_DESCRIPTION OF THE TASK_: The entries are to be output word for word, with the pictures omitted.

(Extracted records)
○ ○ ○ ○
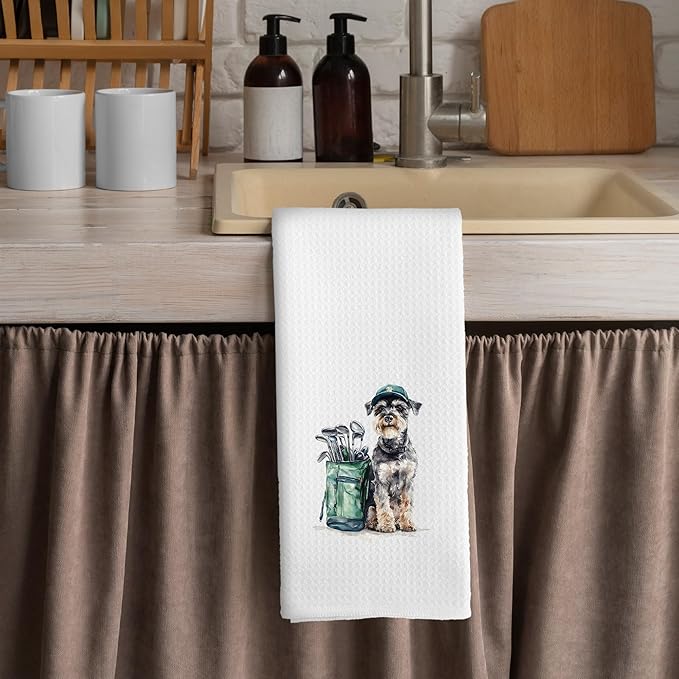 Golf Dog Kitchen Towels - Schnauzer Dish Towels, Sports Gifts, Pet Golf Club Decorative Absorbent Dishcloths Hand Towels for Kitchen Gym Spa Decor 16x24 Inches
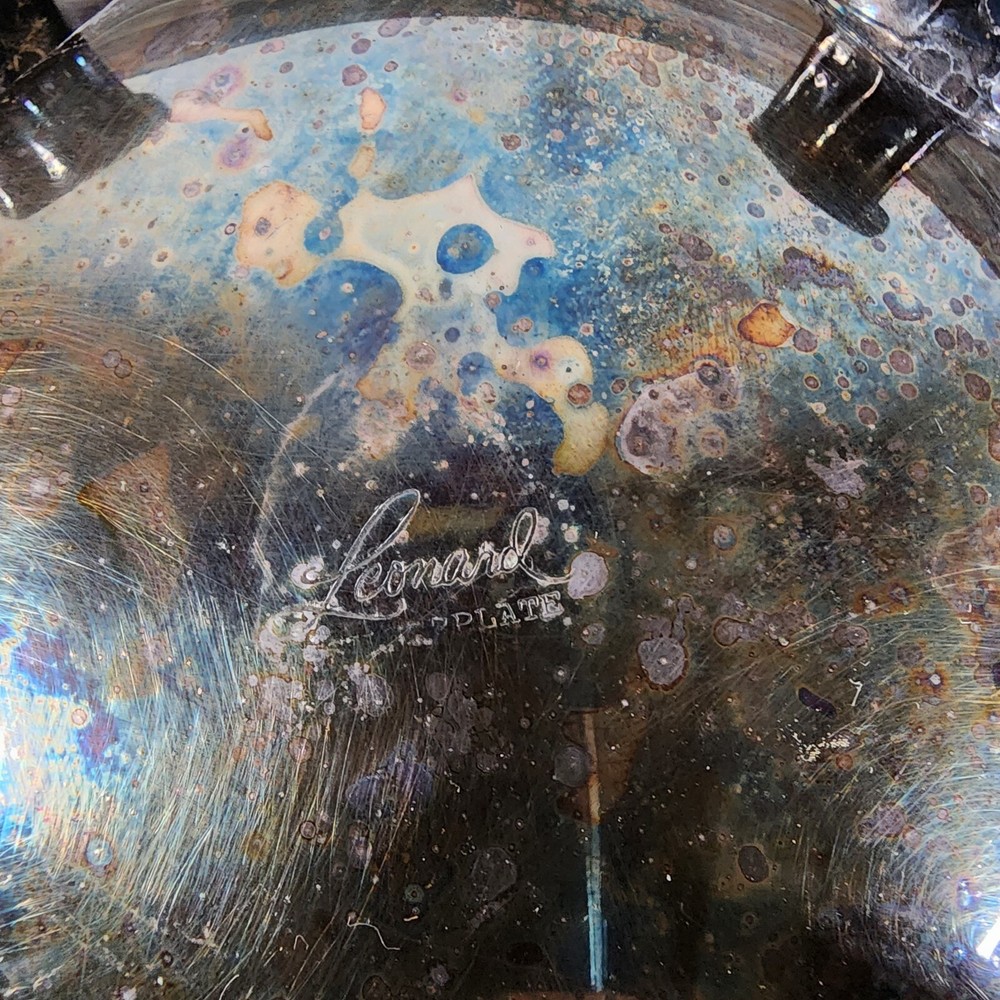 Vintage Silver Plate Leonard Silverplate Footed Water Pitcher With Ice Lip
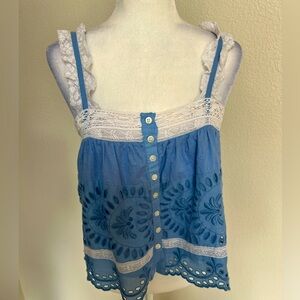 Love Shack Fancy am blue eyelet cotton lace crochet Sully summer tank cami top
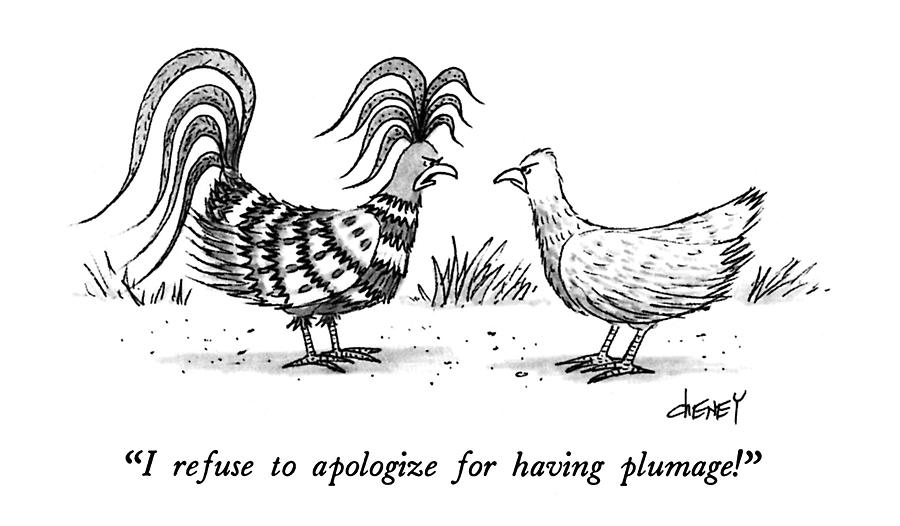 I Refuse To Apologize For Having Plumage! Drawing by Tom Cheney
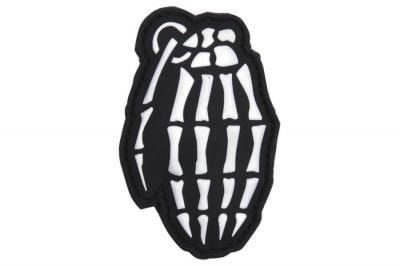 101 Inc PVC Velcro Patch &quotSkeleton Hand Grenade" (Black) - Detail Image 1 © Copyright Zero One Airsoft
○ ○ ○ ○
_RESPONSE AREA_:
 Golf Dog Kitchen Towels - Schnauzer Dish Towels, Sports Gifts, Pet Golf Club Decorative Absorbent Dishcloths Hand Towels for Kitchen Gym Spa Decor 16x24 Inches
 Vintage Silver Plate Leonard Silverplate Footed Water Pitcher With Ice Lip
 Love Shack Fancy am blue eyelet cotton lace crochet Sully summer tank cami top
 I Refuse To Apologize For Having Plumage! Drawing by Tom Cheney
 101 Inc PVC Velcro Patch &quotSkeleton Hand Grenade" (Black) - Detail Image 1 © Copyright Zero One Airsoft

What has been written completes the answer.